Aquellos «libros y escritos» antiguos a los que alude Castaño Posse formarían el Libro de San Ciprianín , «tan raro que a pesar de lo mucho que lo he buscado nunca pude verlo». El Libro o Tumbo de San Ciprián facilitaba el acceso al tesoro oculto con datos precisos sobre señales externas que llevaban al lugar en que se encontraba. El propio guía en la excursión de Castaño Posse y sus amigos les cuenta las creencias de los pastores en «un personaje encantado, custodiando incalculables tesoros bajo la protección del demonio» en una de las cuevas en que guardaban ellos sus rebaños: «Pero lo más extraño, lo más increíble y que demuestra la ignorancia de estas gentes es la absurda creencia, casi general, de que los tesoros escondidos en las entrañas de este monte, bajo la vigilancia del viejo encantado, pueden adquirirse de la manera más fácil del mundo, evocando al demonio por medio de cierto libro que llaman el Ciprianillo ». Y les muestra tal «absurda creencia» con la aventura contada por un labriego del pueblo de Las Médulas que participó en uno más de los intentos frustrados de hacerse con el tesoro oculto en la cueva. Castaño Posse reflexiona después sobre la «imaginación exaltada por cuentos fantásticos» de estos pueblerinos cuyas creederas no distan mucho de las características del berciano noveladas por Guerra Garrido: «Basta que se reúnan unos cuantos de estos pobres ilusos, y que uno cuente una historia de este género, para que enseguida se propongan hacer otro tanto; lo llevan a la práctica, y su imaginación exaltada les hace ver palpablemente los espeluznantes detalles del cuento, con tanta apariencia de verdad, que creen presenciarlos, atribuyendo por último a una causa cualquiera la falta del resultado apetecido».

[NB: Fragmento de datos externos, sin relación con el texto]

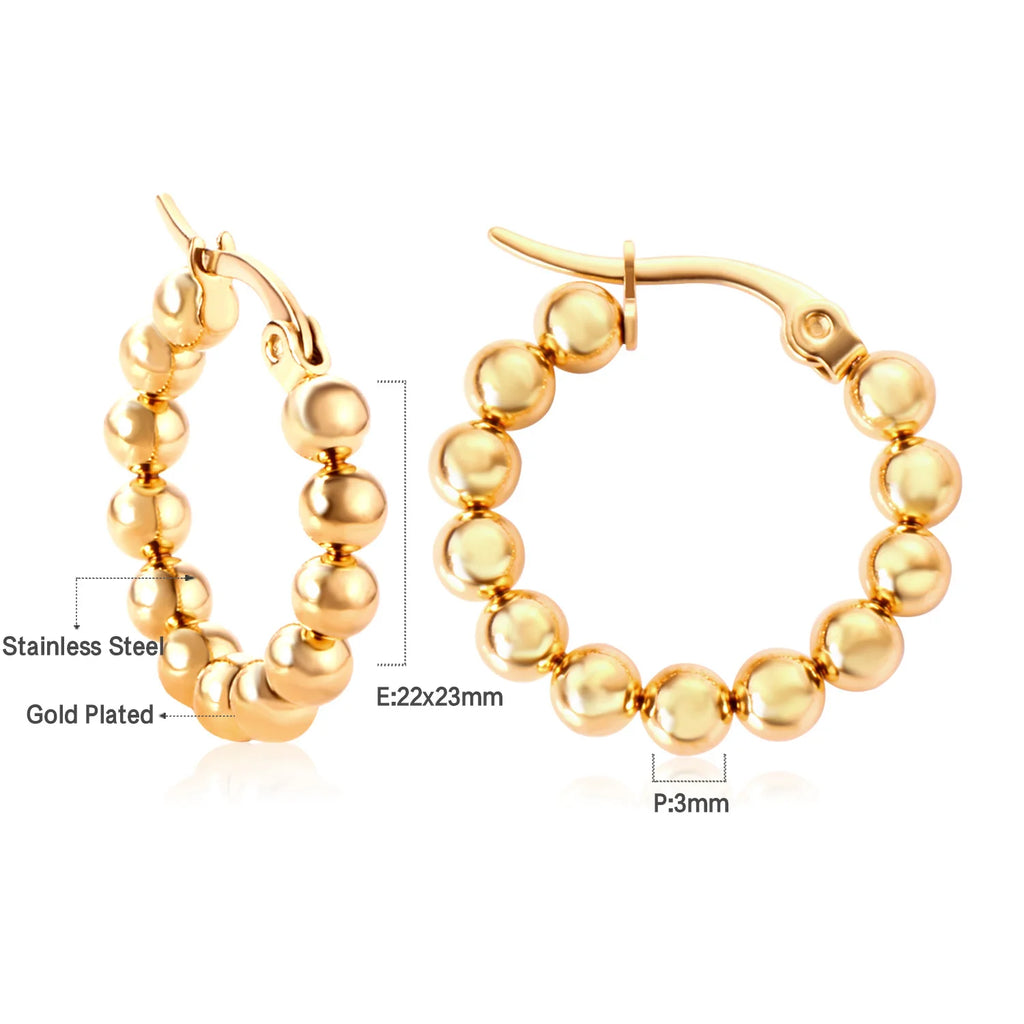 Beaded Hoop Earrings Surgical Steel Women Jewelry Christmas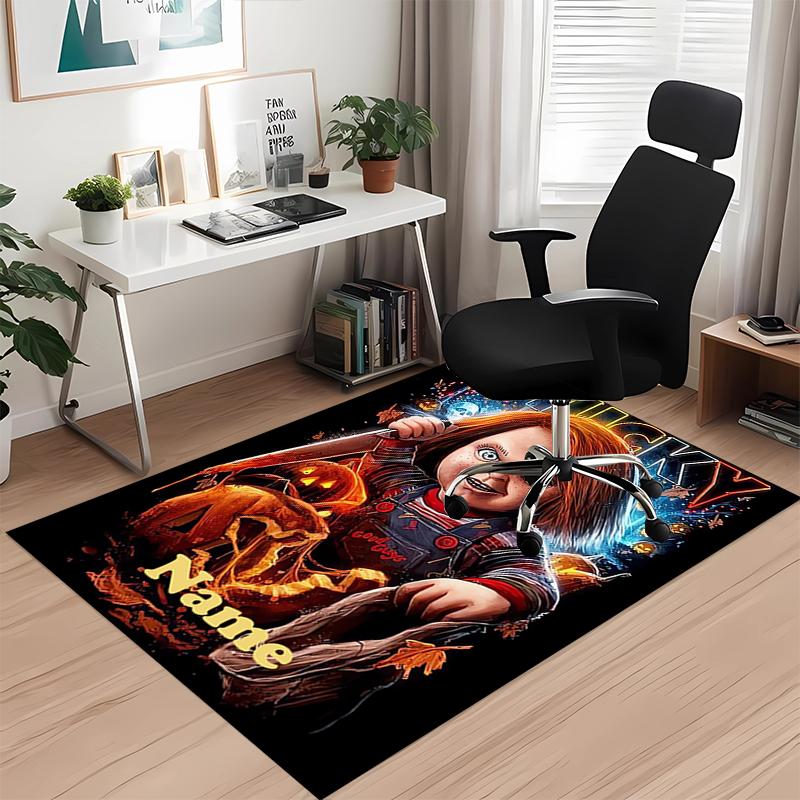 Custom Name Chucky Printed Carpet, for Office Chair Living Room Bedroom Kitchen Room Decor Gifts.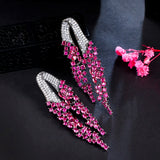 Hot Pink CZ Long Dangle Drop Earrings for Women ER861
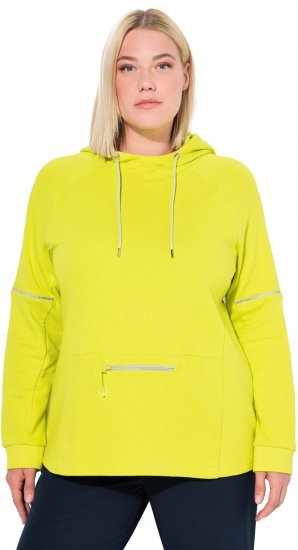 Ulla Popken Zippered Pocket and Reflective Piping Hoodie Green Apple - Sudaderas y hoodies - 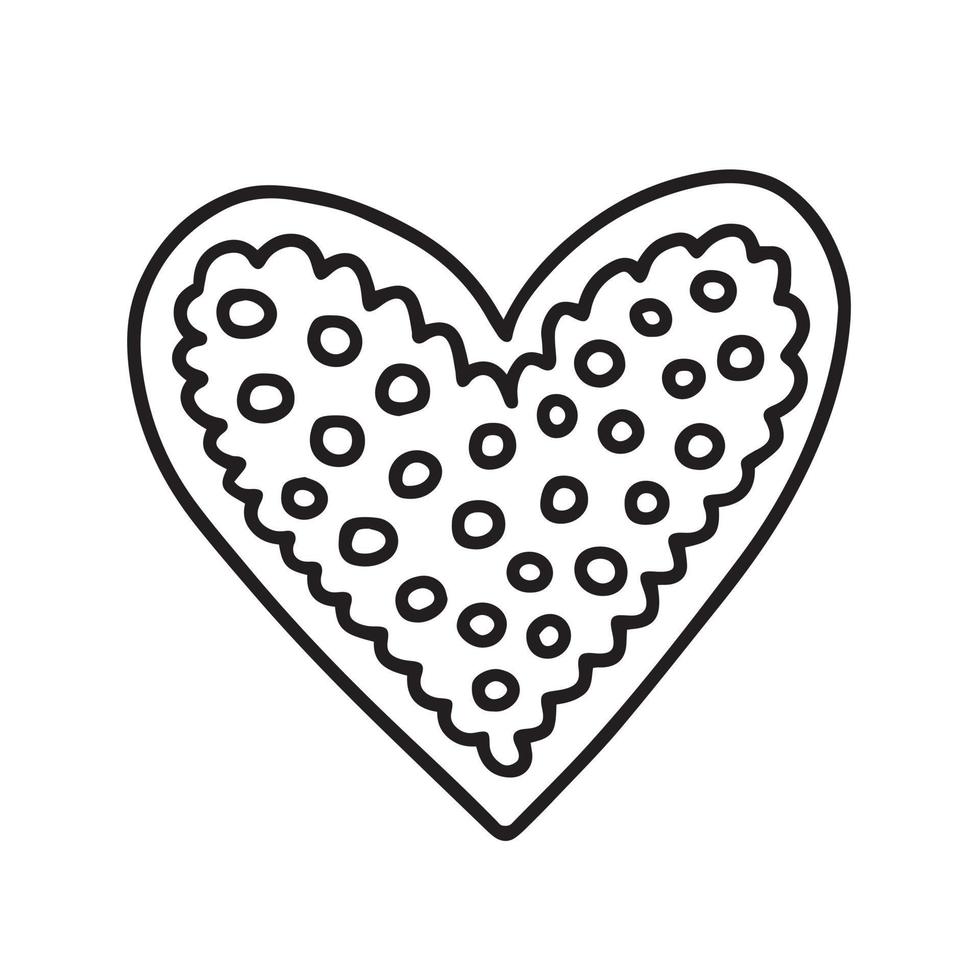 clipart de pain d'épice en forme de coeur doodle. biscuit au gingembre de vecteur en forme de coeur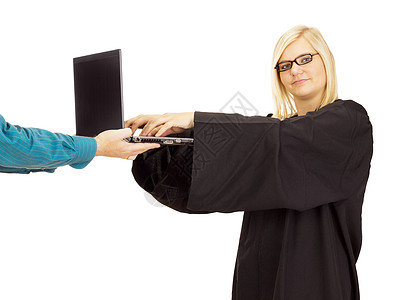 从事计算机工作的律师法庭文档电脑咨询诉讼裁判商业办公室法律领带图片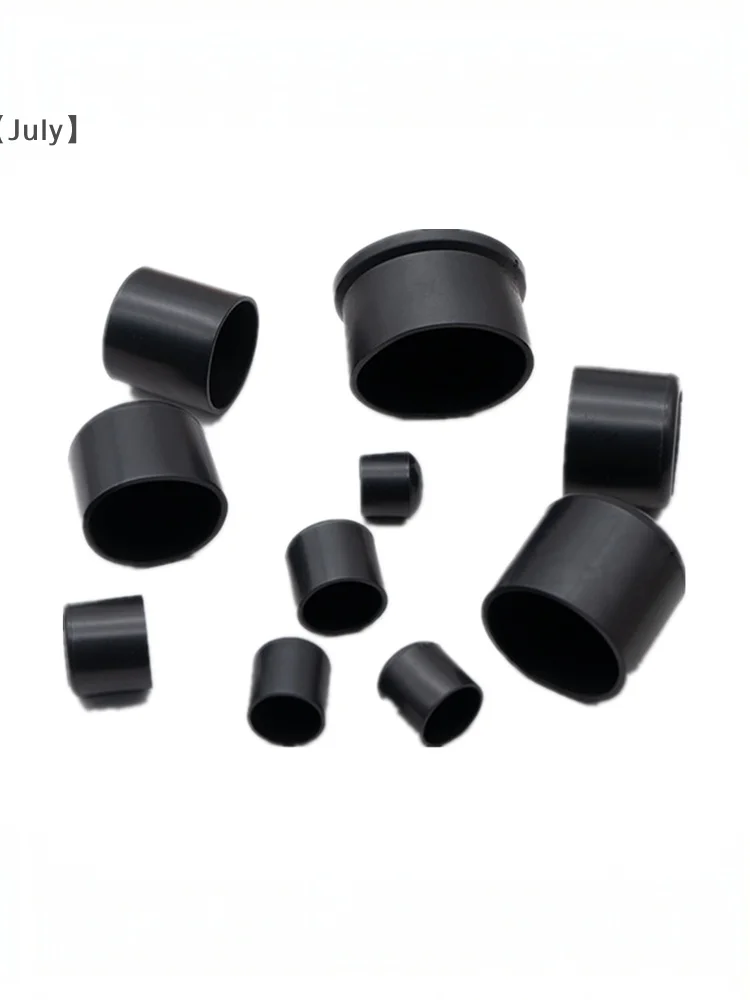 Embouts de tuyaux ronds en acier, PVC noir, antidérapants, pieds de Table et de chaise, protection de sol, couverture de pieds de meubles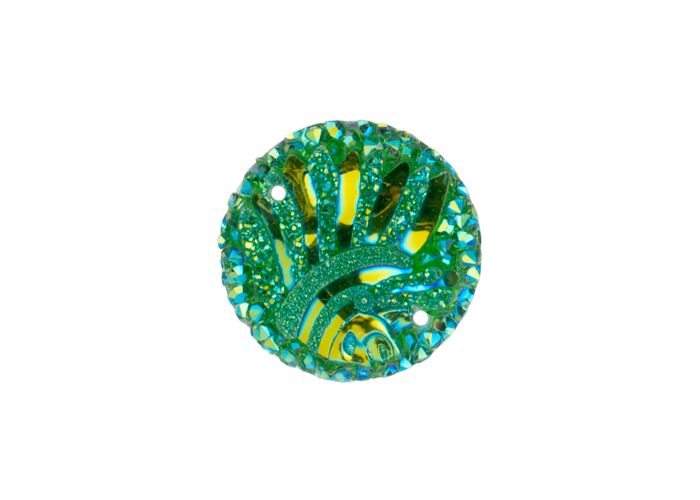 DZ8812-05: Sew-On Resin Sparkle Head Cub 25mm Green AB - 10PPK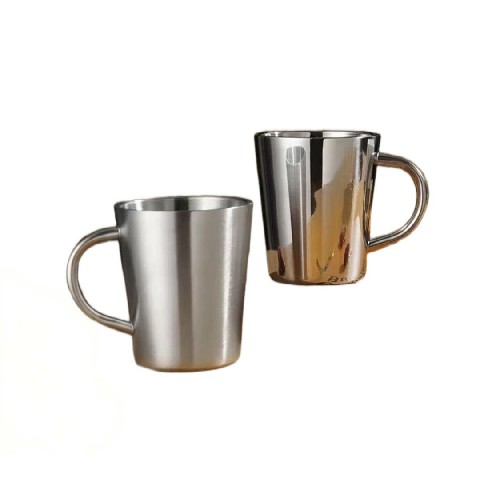 Stainless steel tea cup.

Aún así, en la noche de insomnio en que el narrador acudió solo a las entrañas de Las Médulas, desde el pueblo del mismo nombre, el miedo y los nervios le hicieron disculpar la ignorancia supersticiosa de aquellos labriegos que hablaban de moros encantados y otras fantasías, pues aquellos lugares, si de día no son alegres, de noche son «lúgubres y siniestros», y se imagina una tempestad nocturna, con sus rayos alumbrando cumbres descarnadas y cuevas tenebrosas, un «cuadro fantástico» que los lugareños ignorantes atribuirían sin duda a causas sobrenaturales.

Lo curioso es que en estas leyendas de tesoros escondidos aparezcan los moros; lo explica Balboa de Paz: «Para la mentalidad popular esos picuezos y galerías de las Médulas, los canales y los lagos como los de Carucedo, Somido y Pinzais, no pudieron ser obra humana, nada tuvieron que ver en ello los romanos. Fue, por el contrario, obra de moros, no de los moros históricos que apenas hollaron estas tierras bercianas, sino de aquella raza mítica que, antes de los astures y romanos, ya poblaba los castros y yacimientos arqueológicos; una raza que habitaba en cuevas y poseía inmensas riquezas, especialmente en oro, custodiadas por animales mitológicos como los cuélebres y dragones. Una de esas cuevas habitadas por moros fue la de la -˜ Encantada -™ en las Médulas, cuyas gigantescas dimensiones estremecen el alma».

Estas leyendas de moros no se desvían de las que sobre tesoros ocultos corren por toda la Península, y me parece indudable que su origen reside en los moros históricos, por más que el tiempo los haya mitificado.

No me he referido a todas las leyendas de Las Medulas; no era otra mi pretensión que la de exponer una muestra de ese campo en que memoria, transmisión oral, historia, magia y creencias se mancomunan para dar aliento subliminal al imaginario berciano.